Die Grünen bevorzugen eine verdichtete Bebauung, wie sie das Stadtplanungsamt vorgeschlagen hatte. Es hatte drei Entwürfe zum Bau von Mehrfamilienhäusern präsentiert.
Zudem greife hier das „Bündnis für bezahlbaren Wohnraum“nicht, da weniger als zehn Wohneinheiten geplant sind. „Klientenpolitik statt zukunftsgerichteter und sozialer Wohnungspolitik ohne eine Antwort auf Schaffung von bezahlbarem Wohnraum zu liefern, löst kein Wohnungsproblem, sondern schafft sozialen Unfrieden“, sagte GrünenStadträtin Hermine Städele.
Kritik kommt auch vom Naturschutzverband Nabu. Da solle großzügig eine ökologisch wertvolle Fläche bebaut werden unter Zuhilfenahme des Paragrafen 13b, heißt es in einer Stellungnahme des
Weingartener Nabu-Sprechers Hubert Kapler.
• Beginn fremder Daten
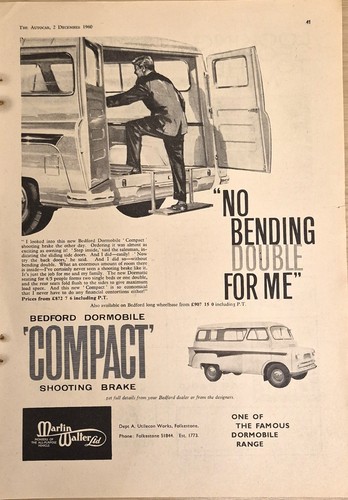 Bedford dormobile shooting - bedford,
Der Paragraf sei umstritten. Ihn hier anzuwenden sei gänzlich unangemessen. „Die eigentliche Problemlage ist jedoch viel weitreichender“, schreibt Kapler. Es fehlt der überfällige Diskurs darüber, welche Haltung die Stadt allgemein bezüglich zukünftiger Bebauung einnehmen will.“
Das vorgelegte Stadtentwicklungskonzept (SZ berichtete) rechne mit einer Entwicklung von über 80 Hektar Wohn- und Gewerbeflächen. Das entspreche etwa 130 Fußballfeldern innerhalb von 20 Jahren.
Über dieses Flächenentwicklungskonzept müssten zunächst Gemeinderat und Bürgerschaft ergebnisoffen diskutieren und einen Konsens erarbeiten, damit ein tragfähiger, nachhaltiger Fahrplan für die Siedlungsentwicklung entstehe, fordert Kapler. Dagegen entstehe jedoch der Eindruck, die Stadt scheue den schwierigen Abwägungsprozess und übt sich in Salamitaktik: mal hier ein Bebauungsgebiet, mal dort.